Now the playbook is everywhere. Nike digitized queuing with virtual waiting rooms and Instagram raffles. Booking.com tells you, "15 people are looking at this room right now." Amazon displays the message, "Only 3 left in stock." These aren't informational; they're emotional triggers designed to make inaction feel like loss.

Neuroscience confirms what marketers already knew: scarcity messaging activates our prefrontal cortex's emotional response, encouraging impulsive choices. When we see a countdown timer, our brains respond in a manner similar to that during threat detection.

Research from 2025 revealed that FOMO now acts as the main mediator between social media advertising and purchasing, more influential than the adverts themselves. We don't buy because we're persuaded; we buy because we're afraid of missing out.

The global sneaker market surpasses $131 billion, with forecasts indicating it will reach $215 billion by 2031. Much of that value comes from manufactured scarcity, the strategic limitation that makes abundance appear insufficient.

⚡ Signals

📜 Quote: "Losses loom larger than gains." — Daniel Kahneman, Nobel Prize-winning psychologist

📊 Study: Research published in Nature Human Behaviour confirmed that Kahneman and Tversky's prospect theory replicates across 19 countries: we feel losses roughly twice as intensely as equivalent gains, explaining why "missing out" hurts more than "getting" satisfies.

🎨 Artifact: The Supreme brick, a literal clay brick with a logo, sold for $30, now reselling for $300+. The ultimate proof that scarcity manufactures value independent of utility.

😂 Meme: "Me adding something to my cart that I didn't know existed 5 minutes ago because there's only 2 left in stock."

🤔 Prompt: When was the last time you wanted something more because you might lose the chance to have it?
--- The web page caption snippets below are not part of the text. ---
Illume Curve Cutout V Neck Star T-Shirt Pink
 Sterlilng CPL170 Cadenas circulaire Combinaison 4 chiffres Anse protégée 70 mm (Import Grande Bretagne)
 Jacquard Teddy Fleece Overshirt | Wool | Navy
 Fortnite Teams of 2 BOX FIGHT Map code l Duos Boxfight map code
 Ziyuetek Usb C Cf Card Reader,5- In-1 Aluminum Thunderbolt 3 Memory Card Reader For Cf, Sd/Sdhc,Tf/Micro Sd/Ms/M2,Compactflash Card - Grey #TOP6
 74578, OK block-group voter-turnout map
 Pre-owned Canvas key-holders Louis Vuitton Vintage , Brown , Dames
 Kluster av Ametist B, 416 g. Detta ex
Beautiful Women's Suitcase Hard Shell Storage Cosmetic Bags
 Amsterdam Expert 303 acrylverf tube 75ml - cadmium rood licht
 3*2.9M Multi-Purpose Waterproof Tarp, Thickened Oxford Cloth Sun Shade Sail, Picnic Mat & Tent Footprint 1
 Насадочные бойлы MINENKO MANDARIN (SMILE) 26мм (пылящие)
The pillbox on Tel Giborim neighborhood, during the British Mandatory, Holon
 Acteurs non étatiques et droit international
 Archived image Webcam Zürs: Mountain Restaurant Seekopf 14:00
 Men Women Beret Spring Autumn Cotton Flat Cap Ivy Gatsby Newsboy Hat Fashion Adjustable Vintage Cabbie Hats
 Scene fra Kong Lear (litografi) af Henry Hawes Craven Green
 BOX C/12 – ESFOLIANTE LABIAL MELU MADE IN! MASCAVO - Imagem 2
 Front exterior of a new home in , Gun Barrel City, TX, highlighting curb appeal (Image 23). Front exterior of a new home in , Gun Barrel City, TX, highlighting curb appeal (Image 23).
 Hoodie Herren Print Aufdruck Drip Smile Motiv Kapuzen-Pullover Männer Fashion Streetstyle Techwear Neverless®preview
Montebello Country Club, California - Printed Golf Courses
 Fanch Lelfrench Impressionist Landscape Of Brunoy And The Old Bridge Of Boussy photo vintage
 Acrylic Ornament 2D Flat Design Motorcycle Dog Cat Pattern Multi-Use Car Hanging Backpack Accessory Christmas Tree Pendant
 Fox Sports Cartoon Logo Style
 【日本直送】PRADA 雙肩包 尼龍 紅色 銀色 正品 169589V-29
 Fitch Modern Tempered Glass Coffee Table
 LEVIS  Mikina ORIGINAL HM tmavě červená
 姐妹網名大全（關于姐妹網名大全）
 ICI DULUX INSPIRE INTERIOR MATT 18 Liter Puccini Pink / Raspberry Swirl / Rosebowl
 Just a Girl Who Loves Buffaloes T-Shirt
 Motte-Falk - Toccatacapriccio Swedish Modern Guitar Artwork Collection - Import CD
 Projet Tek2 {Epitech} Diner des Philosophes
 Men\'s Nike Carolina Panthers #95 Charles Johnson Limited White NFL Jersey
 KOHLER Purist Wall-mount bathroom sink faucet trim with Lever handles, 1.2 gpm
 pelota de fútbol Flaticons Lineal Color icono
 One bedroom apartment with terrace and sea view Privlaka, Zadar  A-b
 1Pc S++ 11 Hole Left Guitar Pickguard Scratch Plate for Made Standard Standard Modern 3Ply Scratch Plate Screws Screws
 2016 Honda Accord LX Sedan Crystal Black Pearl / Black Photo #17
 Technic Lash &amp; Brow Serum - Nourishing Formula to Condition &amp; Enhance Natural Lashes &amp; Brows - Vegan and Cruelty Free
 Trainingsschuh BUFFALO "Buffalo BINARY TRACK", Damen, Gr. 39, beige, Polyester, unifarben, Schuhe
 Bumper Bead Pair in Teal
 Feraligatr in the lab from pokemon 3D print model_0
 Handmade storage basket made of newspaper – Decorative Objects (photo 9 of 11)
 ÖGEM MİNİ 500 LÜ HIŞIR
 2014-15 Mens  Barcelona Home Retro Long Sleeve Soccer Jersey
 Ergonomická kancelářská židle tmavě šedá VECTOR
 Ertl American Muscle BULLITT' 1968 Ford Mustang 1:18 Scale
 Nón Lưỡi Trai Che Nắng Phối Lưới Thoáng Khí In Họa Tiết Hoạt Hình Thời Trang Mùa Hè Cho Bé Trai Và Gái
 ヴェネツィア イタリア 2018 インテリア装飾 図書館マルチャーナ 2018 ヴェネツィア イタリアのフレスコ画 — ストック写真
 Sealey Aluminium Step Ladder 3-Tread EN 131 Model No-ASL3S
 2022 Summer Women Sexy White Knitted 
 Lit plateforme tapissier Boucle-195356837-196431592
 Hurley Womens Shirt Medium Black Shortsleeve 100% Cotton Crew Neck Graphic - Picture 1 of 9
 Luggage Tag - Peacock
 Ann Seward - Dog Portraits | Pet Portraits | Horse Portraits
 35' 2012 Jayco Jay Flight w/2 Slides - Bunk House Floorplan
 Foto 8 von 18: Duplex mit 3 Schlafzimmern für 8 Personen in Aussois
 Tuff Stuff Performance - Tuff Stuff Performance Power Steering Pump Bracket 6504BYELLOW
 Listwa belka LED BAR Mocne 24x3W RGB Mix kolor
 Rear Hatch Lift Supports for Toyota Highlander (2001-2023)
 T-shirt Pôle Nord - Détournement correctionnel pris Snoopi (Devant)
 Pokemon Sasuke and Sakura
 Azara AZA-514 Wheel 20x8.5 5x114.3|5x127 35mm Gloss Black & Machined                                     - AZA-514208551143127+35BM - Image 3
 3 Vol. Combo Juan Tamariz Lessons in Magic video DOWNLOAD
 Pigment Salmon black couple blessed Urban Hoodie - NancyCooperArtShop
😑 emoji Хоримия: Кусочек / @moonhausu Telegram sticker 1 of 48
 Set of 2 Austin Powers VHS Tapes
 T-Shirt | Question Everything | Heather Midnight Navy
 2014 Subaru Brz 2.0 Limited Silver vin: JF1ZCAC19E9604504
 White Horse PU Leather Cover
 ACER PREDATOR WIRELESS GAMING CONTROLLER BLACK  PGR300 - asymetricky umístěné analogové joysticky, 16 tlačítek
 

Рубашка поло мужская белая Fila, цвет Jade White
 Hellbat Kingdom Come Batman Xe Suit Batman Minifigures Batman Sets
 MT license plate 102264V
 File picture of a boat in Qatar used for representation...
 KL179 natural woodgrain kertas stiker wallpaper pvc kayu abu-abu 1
What were you really afraid of losing?

📝 Reader's Agora

What's your worst FOMO purchase? The item you bought wasn't because you needed it, but because you couldn't bear the thought of missing out. Reply and confess, we’re collecting these for a future issue on buyer's remorse. The best stories might appear (anonymously) in an upcoming edition.

🎯 Closing Note

Here's the uncomfortable truth about scarcity theatre: it works because it reveals something genuine about us. We are social beings who compare ourselves to others. We are loss-averse creatures who feel deprivation more sharply than gain. We are meaning-seekers who find significance in restriction.

The drops, queues, and timers aren't causing these tendencies. They're taking advantage of patterns as ancient as pilgrimage and taboo.

The question isn't whether you'll experience FOMO again. You will. The real question is whether you can recognize it for what it is: not proof that you're missing something valuable, but evidence that you're human in a world made to make you feel constantly behind.

Sometimes, the strongest action you can take is to let the timer run out.